Problem details:
Lines of the records that hold the word "Black" are to be counted; give the number and nothing more.

Given data:
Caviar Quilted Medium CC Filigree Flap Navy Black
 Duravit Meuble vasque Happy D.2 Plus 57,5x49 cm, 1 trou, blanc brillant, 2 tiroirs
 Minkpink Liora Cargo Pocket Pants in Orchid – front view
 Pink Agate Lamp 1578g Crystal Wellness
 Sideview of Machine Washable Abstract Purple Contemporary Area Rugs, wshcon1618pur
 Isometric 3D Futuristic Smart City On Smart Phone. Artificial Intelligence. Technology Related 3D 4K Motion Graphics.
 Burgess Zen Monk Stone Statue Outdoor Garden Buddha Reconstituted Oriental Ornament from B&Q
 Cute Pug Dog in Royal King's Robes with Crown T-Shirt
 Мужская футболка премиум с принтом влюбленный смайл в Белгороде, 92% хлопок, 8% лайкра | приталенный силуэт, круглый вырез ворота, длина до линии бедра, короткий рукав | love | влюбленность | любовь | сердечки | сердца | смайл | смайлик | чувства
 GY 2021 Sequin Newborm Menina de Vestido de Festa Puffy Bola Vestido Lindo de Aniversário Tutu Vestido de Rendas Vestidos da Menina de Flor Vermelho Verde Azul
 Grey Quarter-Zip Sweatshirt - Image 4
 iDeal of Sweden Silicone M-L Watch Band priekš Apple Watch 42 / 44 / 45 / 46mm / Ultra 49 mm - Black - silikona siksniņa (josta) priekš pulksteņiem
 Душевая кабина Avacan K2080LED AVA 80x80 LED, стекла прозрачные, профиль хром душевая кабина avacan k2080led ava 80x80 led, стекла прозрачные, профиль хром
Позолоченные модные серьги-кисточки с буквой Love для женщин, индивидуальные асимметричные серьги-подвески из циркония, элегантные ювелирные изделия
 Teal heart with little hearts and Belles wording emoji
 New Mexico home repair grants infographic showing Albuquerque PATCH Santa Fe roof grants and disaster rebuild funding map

Exercise response:
2